Utah schools are among the top in the nation when it comes to serving local fruits, veggies, dairy and baked goods, according to a new survey by the U.S. Department of Agriculture.
Nine Utah school districts told the USDA they serve local food in their school lunches. In those districts, local food chews up 23 percent of the school food budget, or $3.5 million, according to the survey.
That percentage ranked the state at No. 4, behind Nevada at 44 percent, Oregon at 25 percent and Washington at 24 percent. Maryland was No. 5 at 21 percent. Nationally, schools spend $350 million on locally produced food.
The budget data is based on the 2011-2012 school year, and doesn't include three more districts Canyons, Emery and Washington that told the USDA they began buying local food last school year.
Twenty-three Utah districts told the USDA they serve no local food and have no plans to do so, and six Utah districts didn't answer the survey and thus aren't listed on the agency's Farm to School website.
Kevin Concannon, undersecretary of the USDA, said the fact that Western states dominate the list probably reflects the region's culture.

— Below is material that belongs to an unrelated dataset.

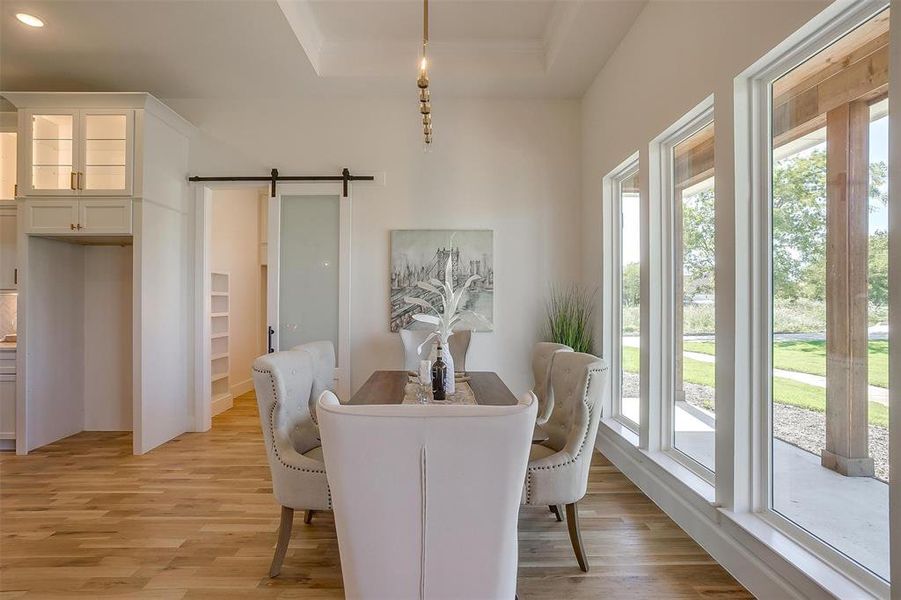 Dining area with light wood-type flooring, a barn door, and a tray ceiling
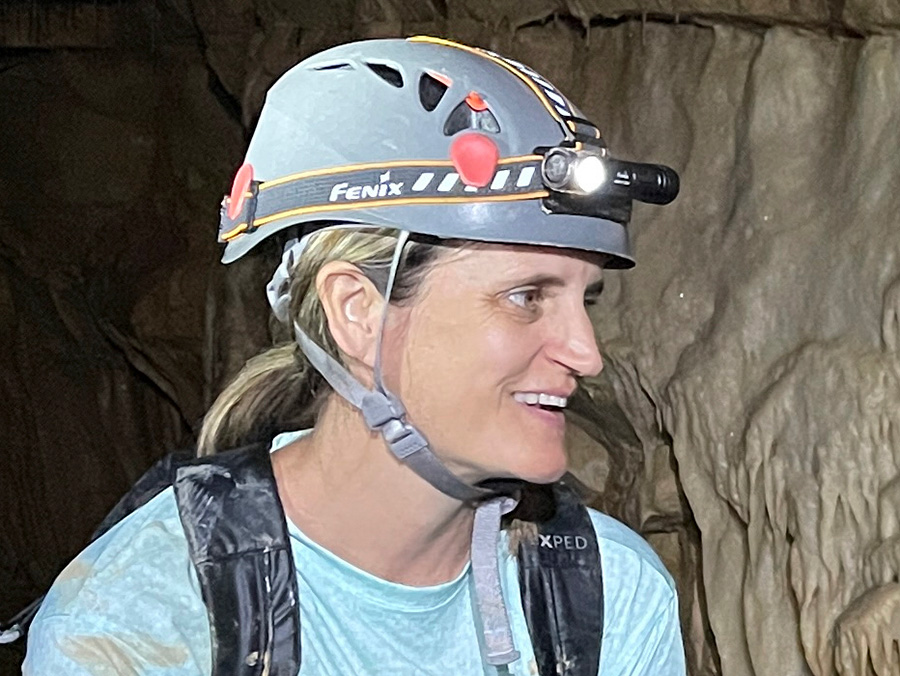 Erika Jaeggli in a cave wearing a lighted mining hardhat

"The local food movements are growing in that part of the country even beyond schools, but we're seeing it take off in other parts of the country as well," Concannon said.
The Salt Lake City School District spent the greatest share of its budget on local food 33 percent. Jordan and Provo districts spent 21 percent of their budgets on local food, according to the survey.
The Farm to School program is part of the Healthy, Hunger-Free Kids Act of 2010, which last year began requiring schools to provide more nutritious meals.
The results have been mixed in Utah and elsewhere. Some districts reported more food waste, and others said students stopped buying school lunch because the portions of meat and bread were downsized. The USDA relented midway through the year, lifting the limits on grains and proteins.
The same law also will require schools next year to replace sugary and fatty foods in vending machines with popcorn, trail mix, natural fruit juice and other healthier options.
Concannon said schools find that students are more apt to eat the food if they know it is grown in their county or region.
"Schools use that to nudge kids," he said.
There are several benefits to eating local, he said. Not only do schools save on food transportation costs, local farmers and the economy benefit. "Those are the people paying for the schools," he said.
In Utah, schools using local food put fruit at the top of the list, with 31 percent serving home-grown apples, peaches and pears. Seventeen percent said they buy milk, 14 percent buy baked goods, 11 percent buy vegetables and 8 percent buy dairy products other than milk.
Meat and poultry are the hardest for schools to source locally, Concannon said, because so much of that distribution is on a national scale.
Concannon said the push for more nutritious food has sprouted gardens at many schools. Midway Elementary in Wasatch County, for example, has one.
Such gardens typically don't provide enough food to feed the school, but they are a "lab environment to remind kids where food comes from," Concannon said.
Deborah Kane, national director of Farm to School, said districts that did not respond to the survey last spring have until Nov. 30 to provide responses to the USDA. The website will be updated as more data is returned, she said.
The six Utah districts that did not respond are Granite, Weber, Carbon, North Sanpete, Wayne and Rich.
The survey report, she said, "is a first look at the trend â¦ but not the final word on Farm to School."